Bernard Werber : "Le bonheur est dans la création"

par Jennifer LESIEUR
Publié le 1 octobre 2014 à 13h57
Bernard Werber : "Le bonheur est dans la création"

INTERVIEW – Le maître de la science-fiction française sort aujourd'hui "La Voix de la Terre", le dernier tome de sa trilogie "Troisième Humanité" (Albin Michel). L'auteur y poursuit une vision inédite du futur de la planète et de ses habitants. Rencontre avec l'un des rares auteurs qui ne craint pas la panne d'inspiration.

Comment aborder au mieux La Voix de la Terre ?
C'est un livre qui peut se lire sans avoir lu les deux premiers. Le thème, c'est de savoir si on peut communiquer avec sa planète. C'est aussi une histoire d'amour entre mon héros, David, et une jeune Coréenne, Hypatie, qui va lui apprendre à parler à la planète. Ensuite, c'est une réflexion sur la façon dont notre espèce peut évo luer, que ce soit dans le domaine des ordinateurs ou celui de la spiritualité.

Votre vision du futur ne cesse de s'élargir de livre en livre...
Le principe de la littérature d'anticipation, c'est d'offrir une perspective. Au lieu d'avoir une vision à court terme, comme dans les journaux, je me demande ce qui va se passer dans les vingt prochaines années, voire dans le prochain siècle ou le prochain millénaire. C'est ça que peut offrir un livre comme La Voix de la Terre : un décalage pour voir avec du recul. Aujourd'hui, il y a plusieurs chemins possibles, comme la religion, les androïdes, la conquête de l'espace... Nous sommes actuellement dans un conflit d'utopies, où des gens veulent imposer leur vision du futur aux autres.
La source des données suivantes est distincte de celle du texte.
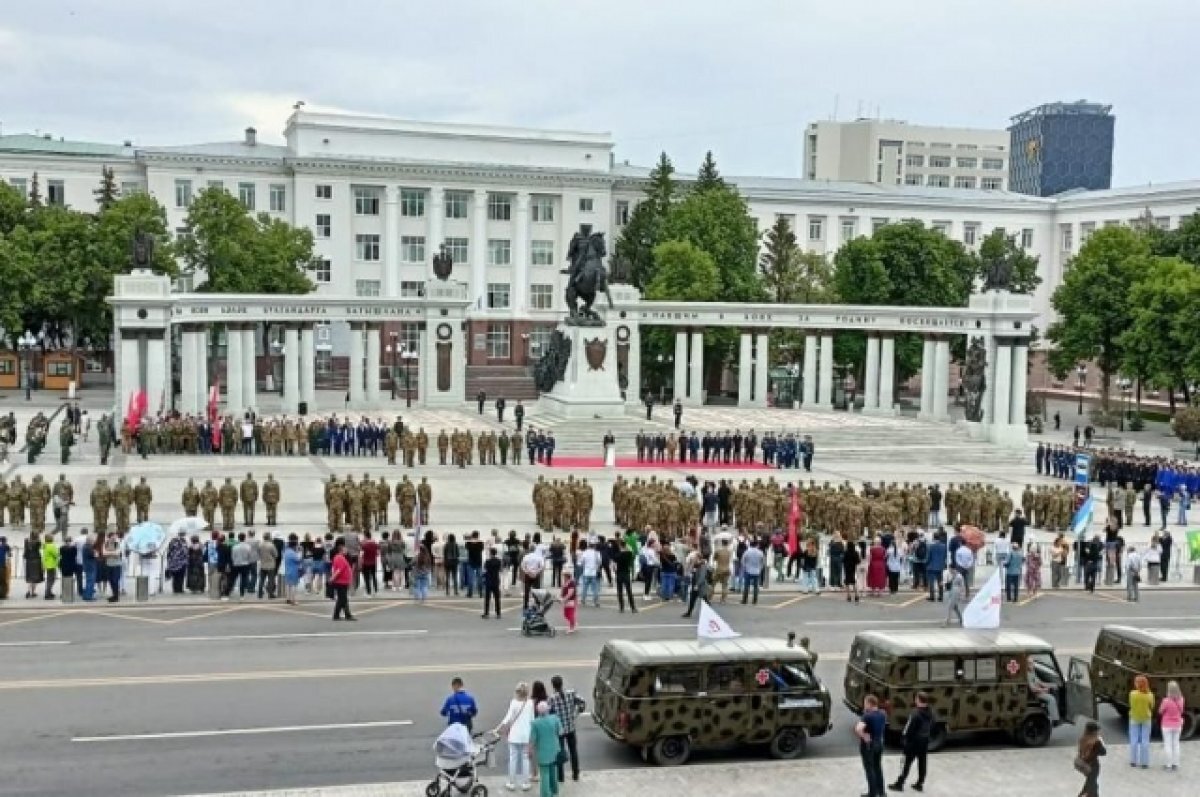 советская площадь в уфе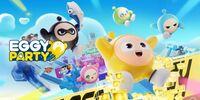 Portada oficial de Eggy Party para Switch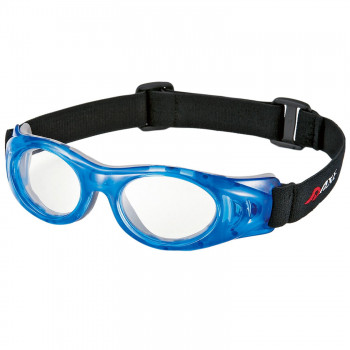 AXE(アックス) 子供用 サングラス アイプロテクター UVカット AEP-02 BU 【北海道・沖縄・離島配送不可】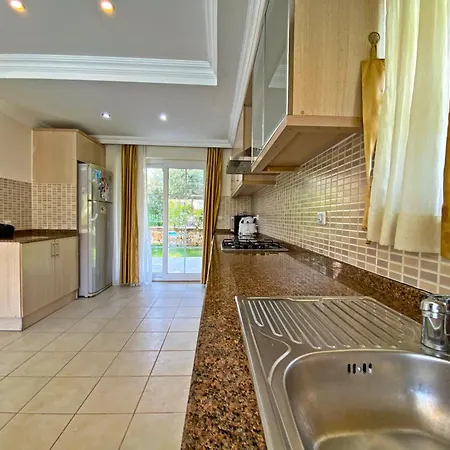 Апартаменты Gold 6 Фетхие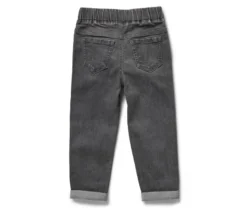 Kinder-Pull-on-Pants – Fit »Luca«, grau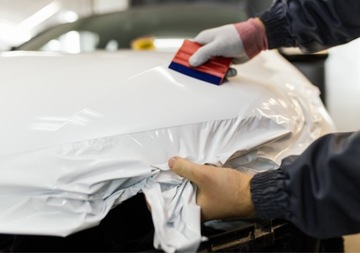 НАБОР ДЛЯ НАНЕСЕНИЯ ПЛЕНКИ СКРЕПЛЕНИЕМ + НОЖ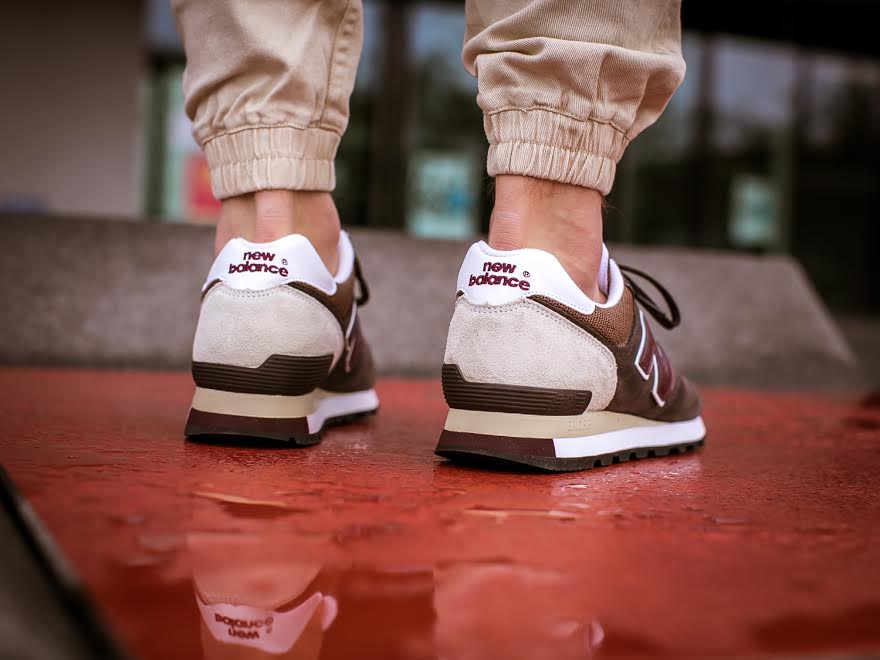 New Balance 575 Made in UK Brown/Burgundy | Sole Collector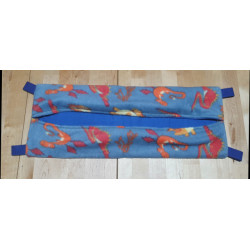 Dragon Fleece/ Blue Flannel Swing Sling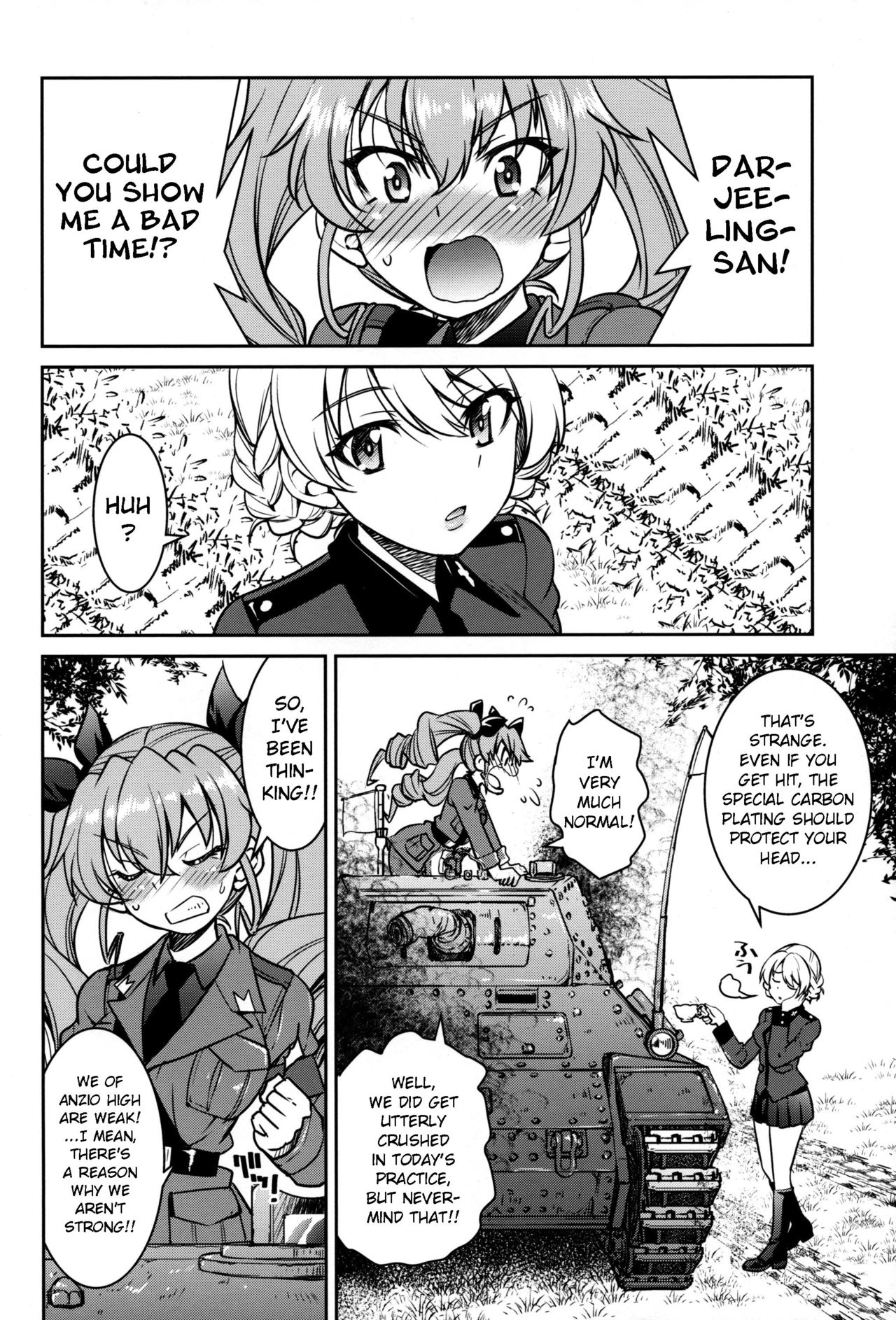 Nawashi Dar-sama Duce o Duce suru page 3 full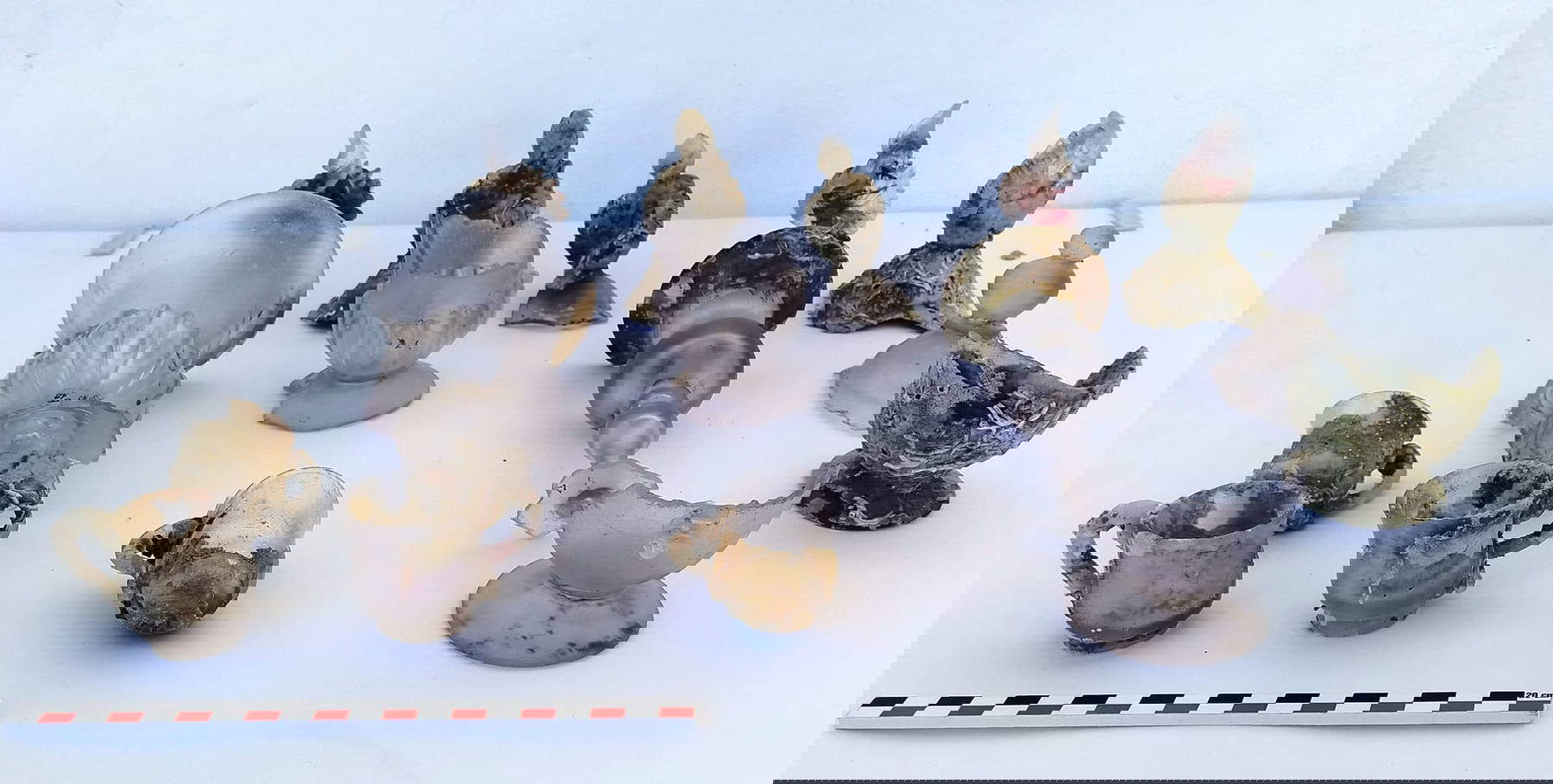 The objects discovered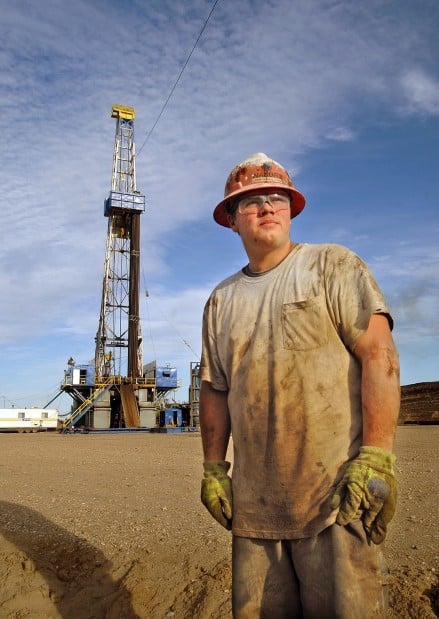 dakota oil rigger, big salary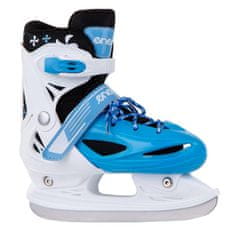 Rolerji 4v1 Enero KIDS - modro-beli, Velikost 34-37, B-040-M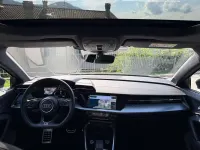 Usata Audi A3 Ambiente 150 CV (110 kW) 2024 Grigio Berlina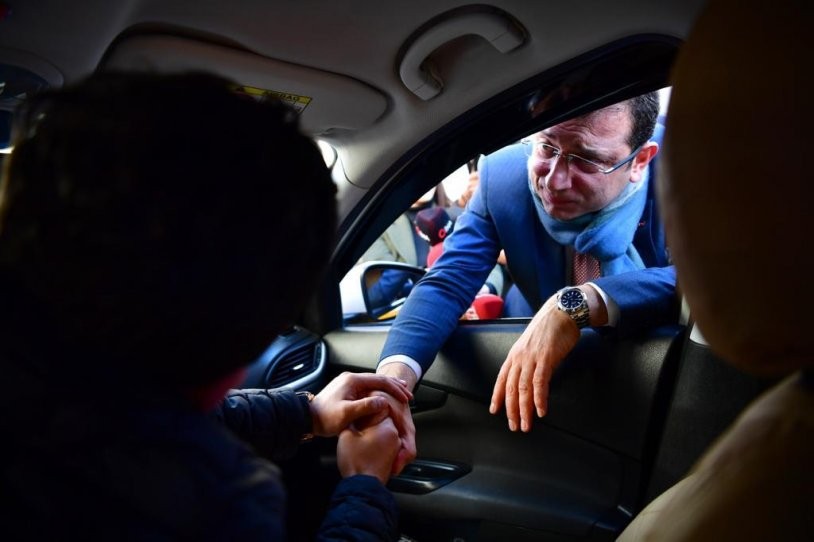 Ekrem İmamoğlu Kağıthane'de - Resim: 14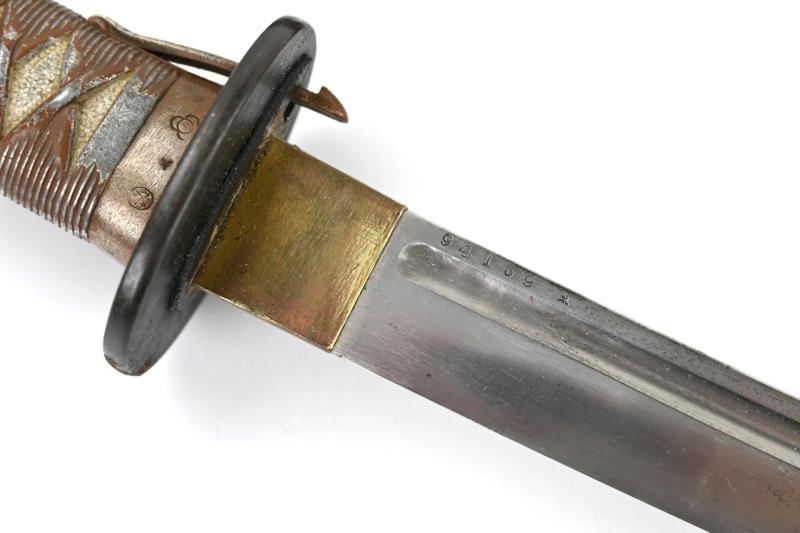 Japanese WW2 Type 95 NCO Shin Gunto Katana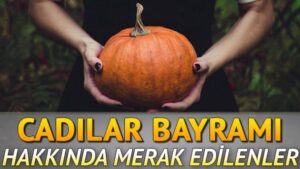 Halloween ne zaman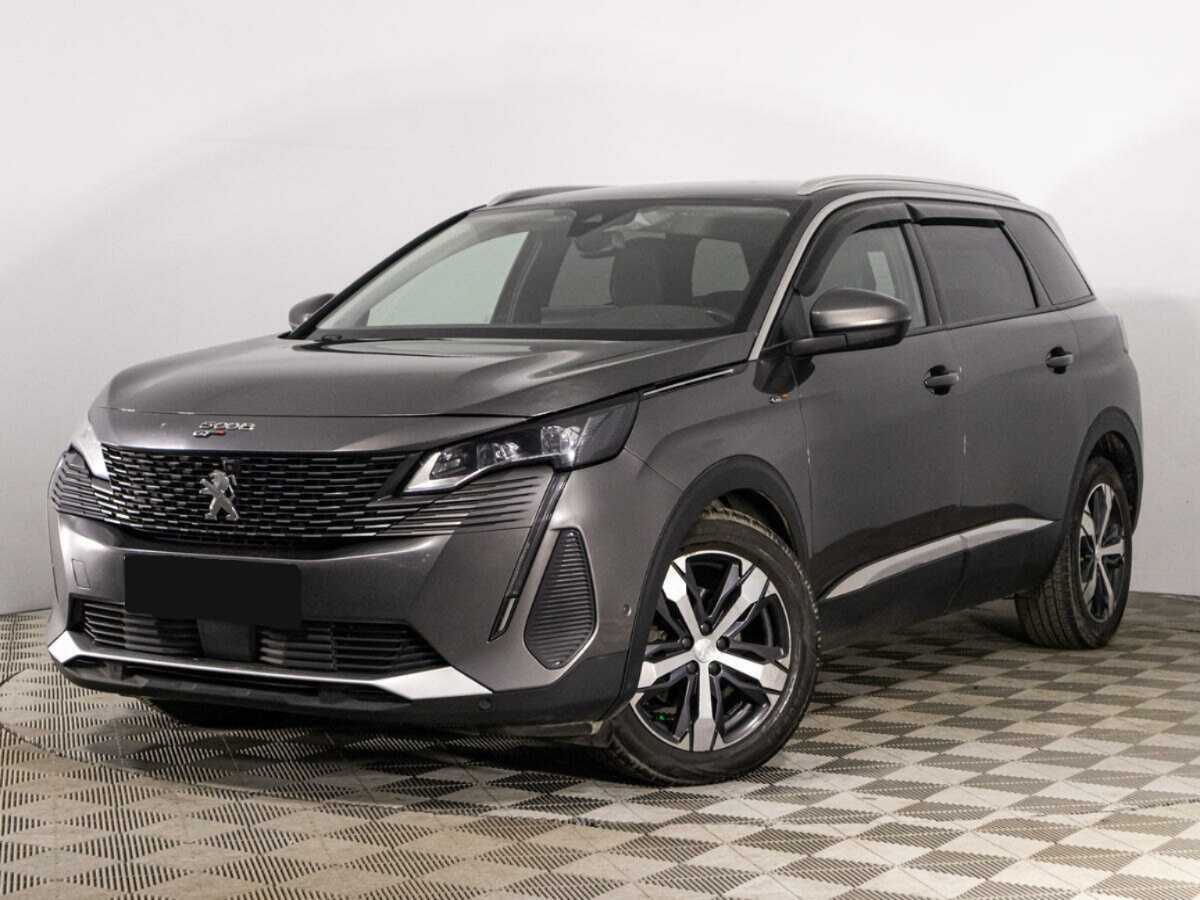 Peugeot 5008 с пробегом — 2021 год. Фото: #0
Ça donne les crises boursières, la guerre au moyen-orient, la pollution... Dans le livre, mes deux héros se retrouvent au milieu de tout ce foisonnement d'utopies, à essayer de défendre une autre vision, celle de plus de solidarité et du rétrécissement de l'espèce humaine.

"Si j'arrive à faire passer de petits messages sur la planète, c'est un plus"

Voudriez-vous que ce roman ait des conséquences concrètes, à long terme ?
Le principe du roman n'est pas d'apporter une solution, mais d'ouvrir des perspectives, poser de nouvelles questions. C'est le lecteur qui va trouver ses solutions de lui-même. Mes outils, ce sont les actualités, me promener dans la nature et sentir la planète sur laquelle je marche. Ça fait 23 ans que je fais ce métier, à explorer toutes les voies du futur, mais ce qui me permet de rafraîchir mon travail, c'est de changer de vision. Mon souci, quand j'écris, c'est soigner l'histoire d'amour et le suspense. La première politesse d'un écrivain, c'est de surprendre. Après, si j'arrive à faire passer de petits messages sur l'avenir et la planète, c'est un plus.

Vous êtes un auteur qui privilégie toujours l'interaction avec ses fans...
Il ne faut pas oublier que ce qui nous maintient, ce sont les lecteurs. Il y a deux sortes d'écrivains : ceux qui écrivent pour entrer à l'Académie française, et ceux qui écrivent pour les lecteurs. Moi, je fais plutôt partie de ceux qui aiment avoir beaucoup de lecteurs. Le bonheur, pour moi, c'est de savoir qu'ils vont passer des heures dans un monde qui a été créé avec mon imagination. Pour moi, les grands auteurs sont ceux qu'on dit populaires : Jules Verne, Edgar Poe, Stephen King, parce qu'il est beaucoup plus difficile de toucher le grand public qu'une petite élite parisienne. Et de tenir dans le temps. D'ailleurs, je considère que le meilleur critique littéraire, c'est le temps, car il décante naturellement les phénomènes de mode pour laisser les auteurs qui ont réellement une œuvre, qui ont quelque chose à dire. Le bonheur est dans la création.

Des projets extra-littéraires ?
J'ai été contacté par les Américains pour faire une série de science-fiction. J'étais à Los Angeles le mois dernier pour voir une équipe de scénaristes, mais je ne sais pas quand ça sortira. C'est toujours sur le thème de la prospective. Je suis content que le monde du cinéma américain ait fini par découvrir mon travail ! Tout ça prend du temps, et il en faudra encore pour comprendre l'intérêt d'avoir une science-fiction vivante en France.